■ ASSIGNMENT:
Output the lines of the records below exactly, beginning at their first line and ending at the line with "Batik Desen Tişört - Lacivert"; include no pictures.

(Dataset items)
--

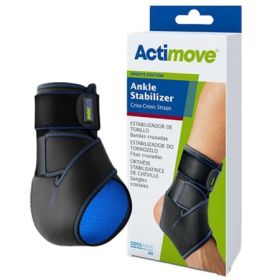 Ankle Stabilizer Actimove Sports Edition One Size Fits Most Hook and Loop Strap Closure Left or Right Foot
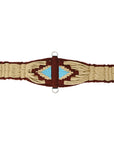 36" HILASON Western Horse Wool Rope Girth Turquoise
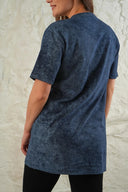 Batik Desen Tişört - Lacivert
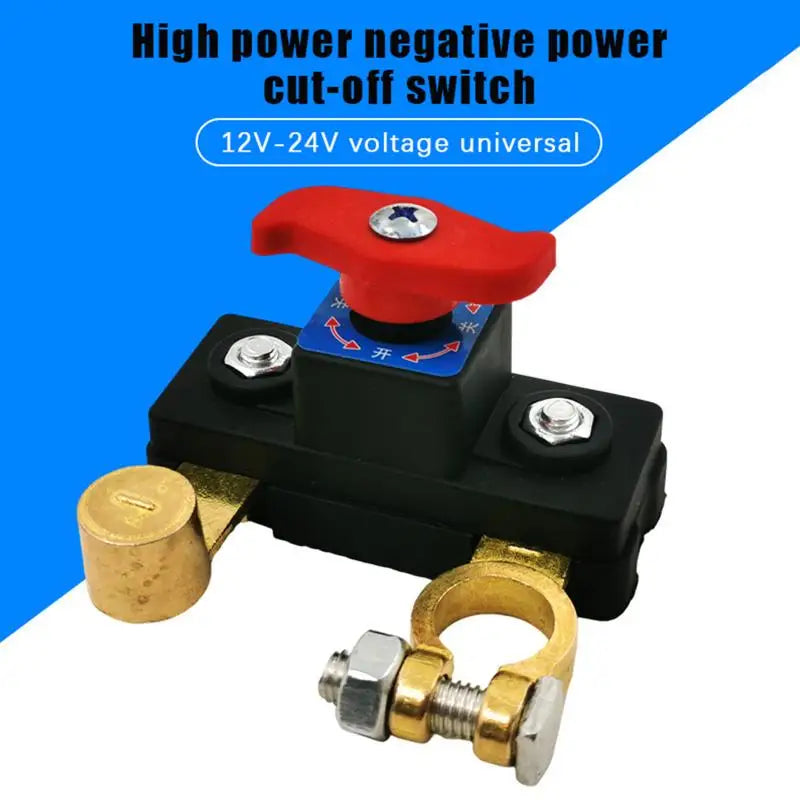 Car Battery Cut-Off Switch 12V/24V | Circuit Breaker Battery Disconnect Switch QXL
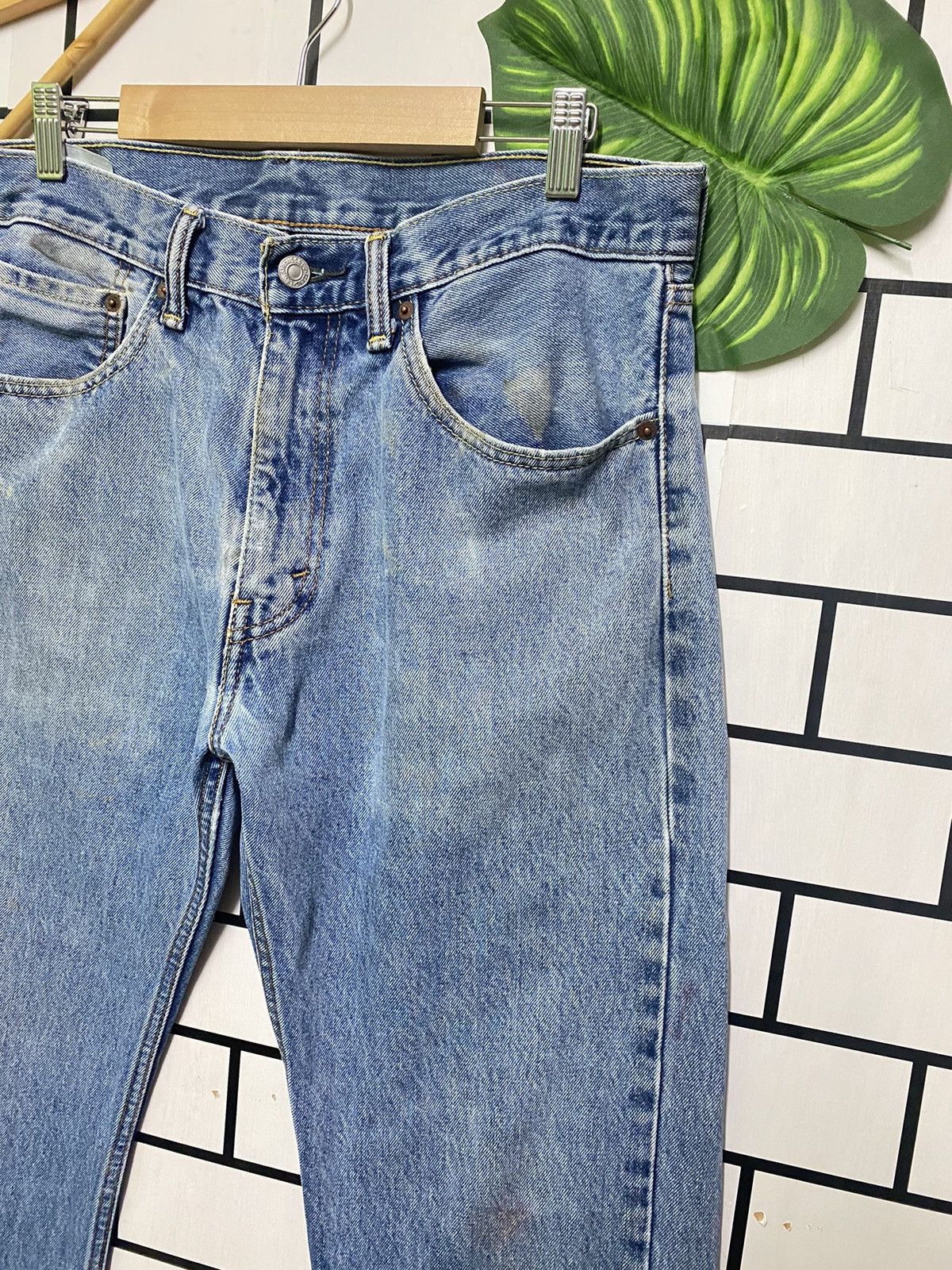 Levi's Vintage Levis 505 Distressed Dirty Jean - L26 Size US 34 / EU 50 - 5 Thumbnail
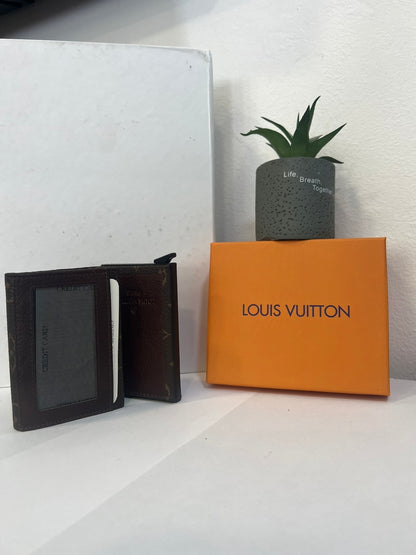 Leather LV Card Holder/Wallet Monogram Brown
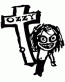 Ozzy Ozbourne Cross Decal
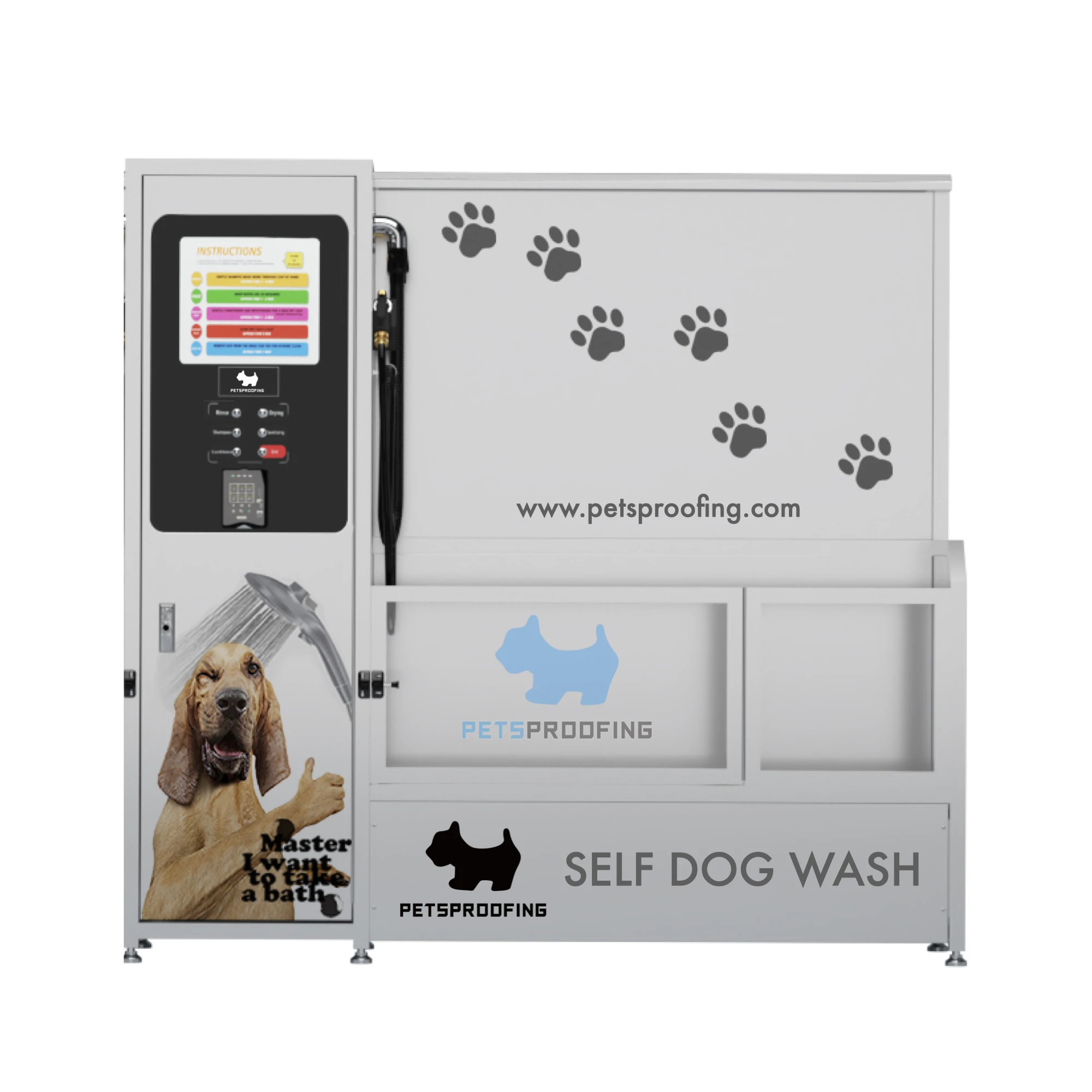 Portable Automatic Dog and Cat Washing Station Self-Service Vending Machine  for Grooming Bathing Products for Small Animals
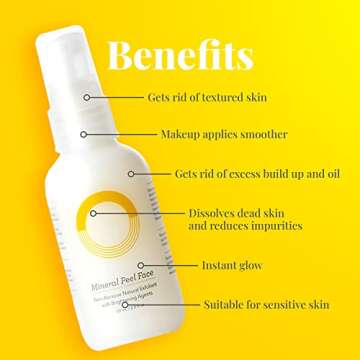 ORG Peel Off Face Cleanser for Gentle Exfoliation and Glowing Skin - Korean Sensitive Skincare - Por...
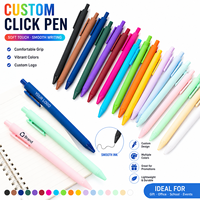 Matte Soft-Touch Klick-Kugelschreiber in 38 Farben, Macaron-Design, Schreibstift für Schüler, Individueller Logodruck, Werbegeschenk im Großhandel
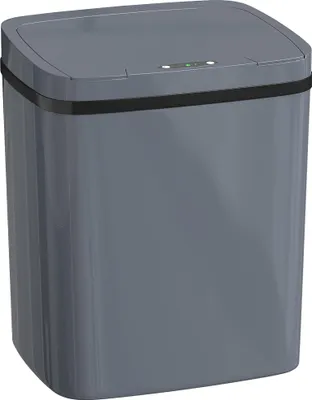 Obrázok produktu pre HOMCOM Senzorový odpadkový kôš 15 l Automatický odpadkový kôš s dvoma režimami otvárania, sivý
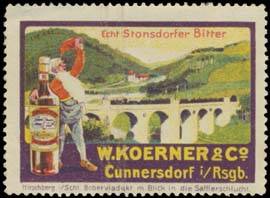Hirschberg in Schlesien Boberviadukt mit Blick in die Sattlerschlucht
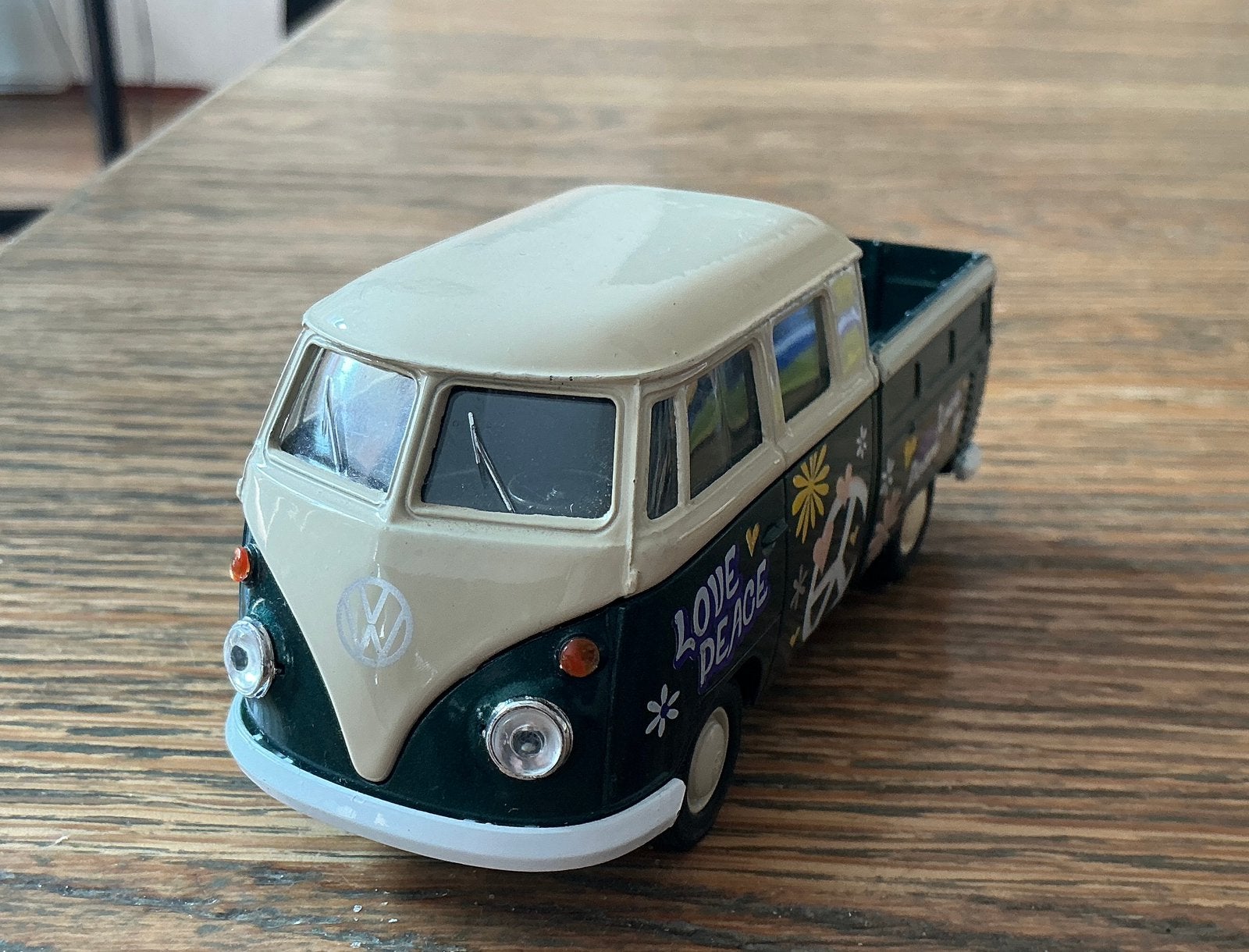 Welly Volkswagen T1 Bus Double Cabine Pick-Up, Ophalen of Verzenden, Zo goed als nieuw, Auto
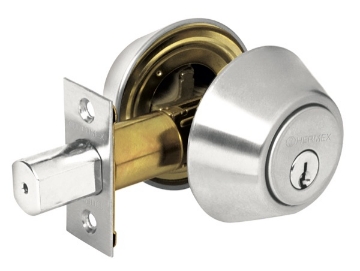 Mostrar detalles de CERROJO DOBLE CILINDRO CROMO MATE HERMEX CERO-32P Imagen de CERROJO DOBLE CILINDRO CROMO MATE HERMEX CERO-32P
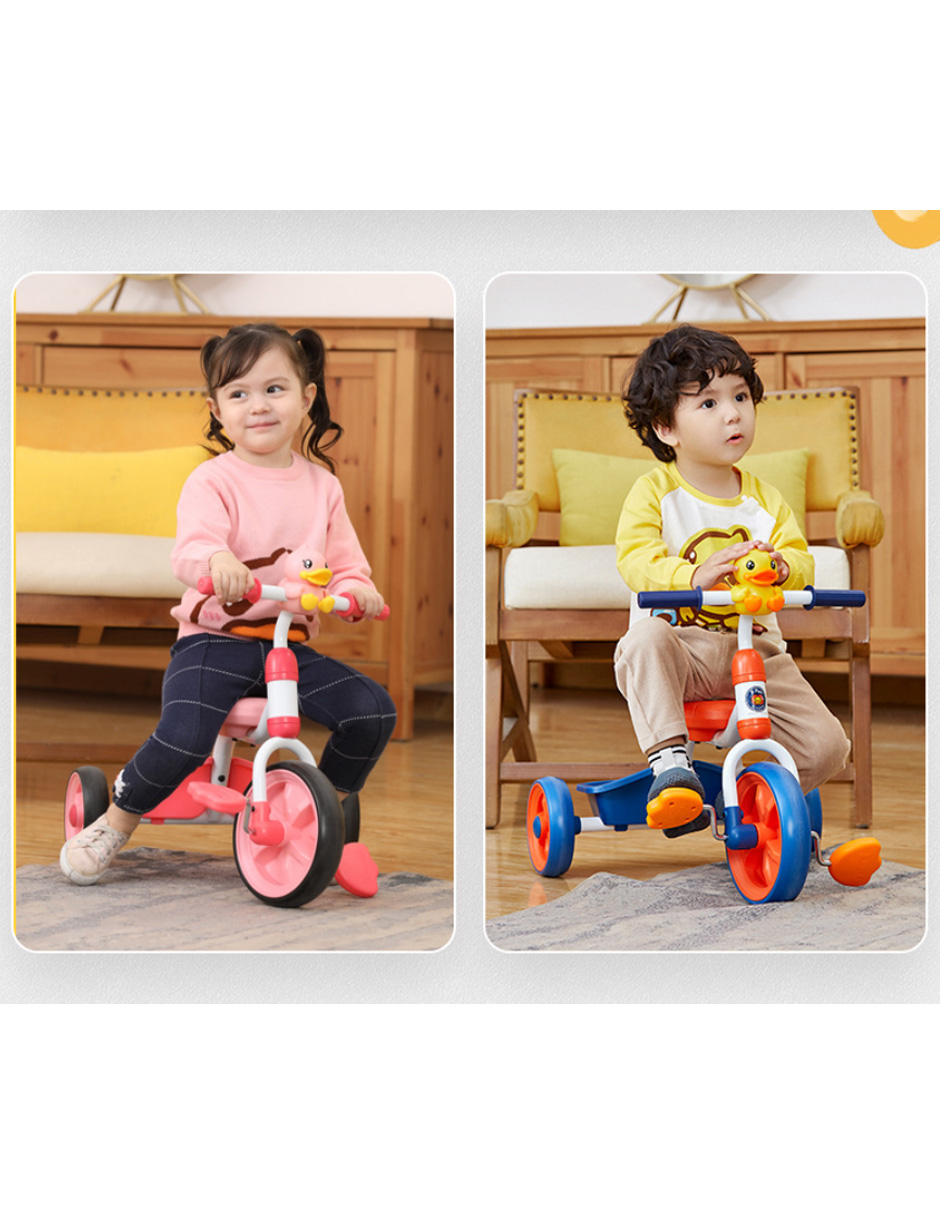 B.duck Triciclo Bicicleta Infantil Niños Rojo Paseo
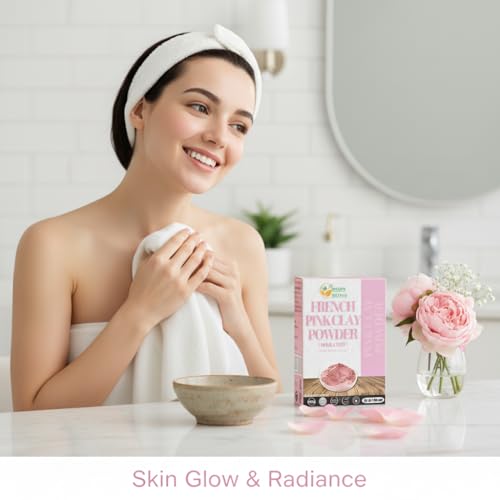 French Pink Clay Powder for DIY Face Masks & Soap Making - 2 oz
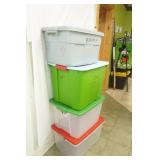 4 Large Totes With Lids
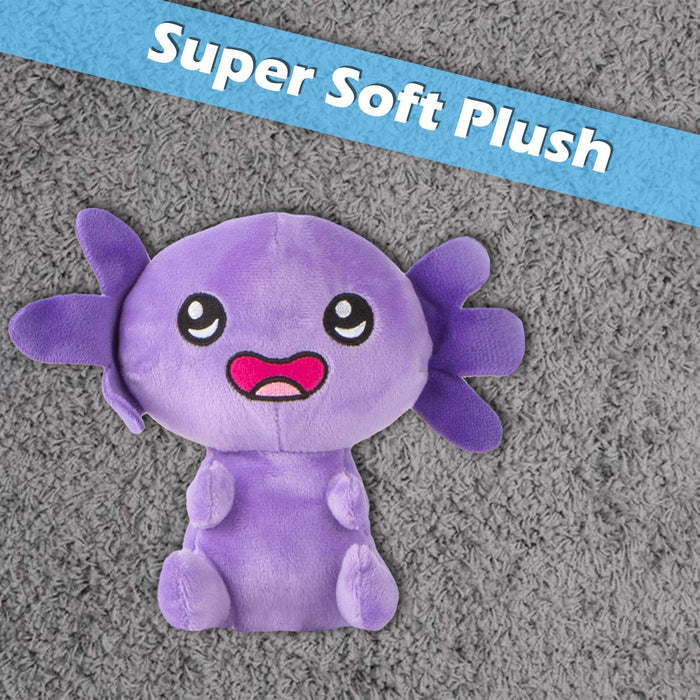 Axolotl Soft Toy Cute Plushie Huggable Cuddly Stuffed Toy 18cm Purple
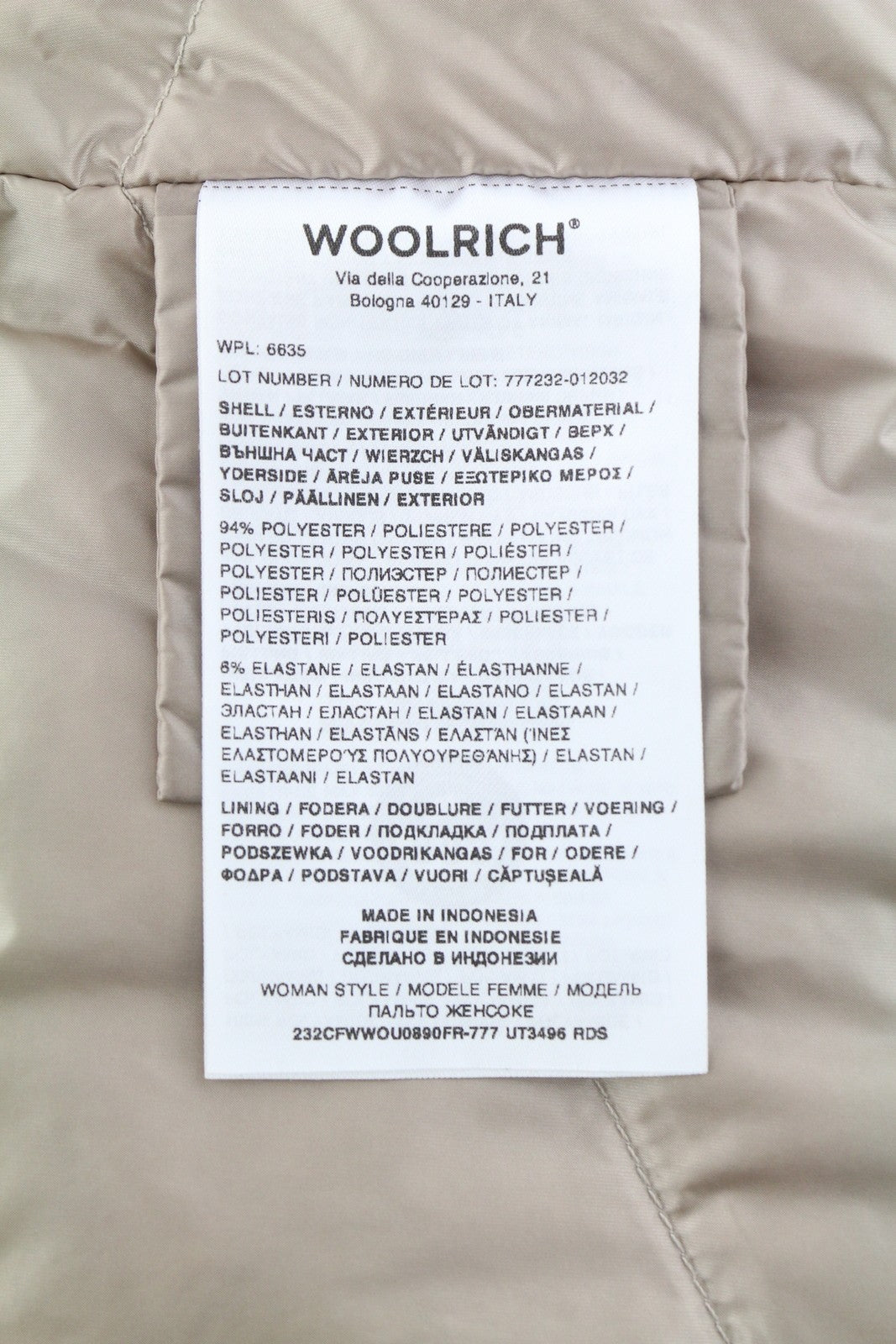WOOLRICH Firth pūkinė moteriška striukė su gobtuvu, šviesiai pilka, vidutinio ilgio, RRP680 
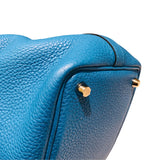 エルメス HERMES ピコタンロックPM A刻 ブルーザンジバル　SV金具 トリヨン レディース ハンドバッグ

--

■ RESULT FOR THIS EXERCISE:
 Ankle Stabilizer Actimove Sports Edition One Size Fits Most Hook and Loop Strap Closure Left or Right Foot
 36" HILASON Western Horse Wool Rope Girth Turquoise
 Batik Desen Tişört - Lacivert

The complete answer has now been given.